Much of the start of the Fantasy Premier League season is spent working out which high-value players are worth splashing the cash on, and the elite managers among us have certainly nailed their colours to the mast.
By looking at a sample of 1,000 managers with multiple top-10,000 finishes to their names, we can see just who the best bosses have decided to pick after eight gameweeks of action.
The results show that they are acting far more decisively on premium players than the overall managerial population are.
Pierre-Emerick Aubameyang‘s shift to midfield this season had managers salivating at the prospect of his goals being worth five points instead of four, but a goal drought has seen elite managers drop him.
At a starting price of £12m he was always going to need to start quickly, but a return of just two goals has seen his ownership among the elite drop from 98.3 per cent in gameweek one to 1.9 per cent in GW8.
Arsenal’s form has been patchy also, and certainly the team’s Creativity scores within the FPL’s own metrics suggest they are struggling to create chances.
Aubameyang’s overall ownership remains reasonable at 13.1 per cent – the top bosses have been far more decisive as a group.
De Bruyne bounced
At £11.5m Manchester City’s Kevin De Bruyne is another who has fallen foul of elite managers’ immediate expectations.

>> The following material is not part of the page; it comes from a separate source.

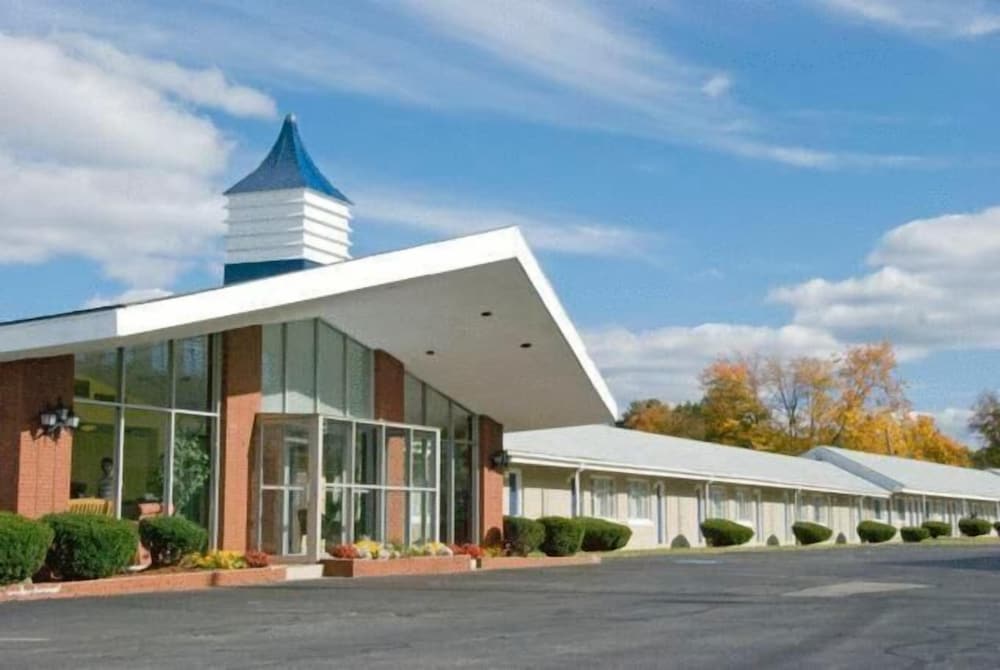 Monticello Inn Framingham — hotel in Framingham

KDB’s elite ownership dropped by 81 percentage points between GW4 and GW8 after the Belgian missed the 1-0 defeat of Arsenal and was eased back in with 22 minutes against West Ham.
But have the best managers been right to act swiftly? The midfield maestro has notched assists in his last two games, and has form that suggests he will warm into the season both as a provider and as a goalscorer.
But who have the cream of the crop moved in favour of? With eight goals in as many games – as well as an assist – Mohamed Salah has delivered on his original £12m price tag.
The Liverpool star was well backed by elite bosses in GW1, but such has been his consistency – providing attacking returns from midfield in six of his eight games – that his top ownership has risen from 84.8 per cent to 93.9 per cent.
His overall ownership (47.1 per cent) suggests the general population of managers remain to be convinced. Salah is the top-ranked midfielder for Threat and second for Creativity, which begs the question: what are they waiting for?
Tottenham’s Son Heung-min is a player who has taken a little longer to convince the elite, but very few doubt him now.
Perhaps the Spurs man’s hot and cold form is to blame for this lag. Son has blanked in four games this season, but in the other four he has averaged 16.5 points per game.
The elite seem to have decided that those blanks are worth putting up with for the occasions when Son scores four in one game – as he did against Southampton – with 94.6 per cent of them selecting him in GW8.
His overall ownership is catching up too, but one thing is for sure: the managers with pedigree are acting more swiftly and decisively than the rest of us.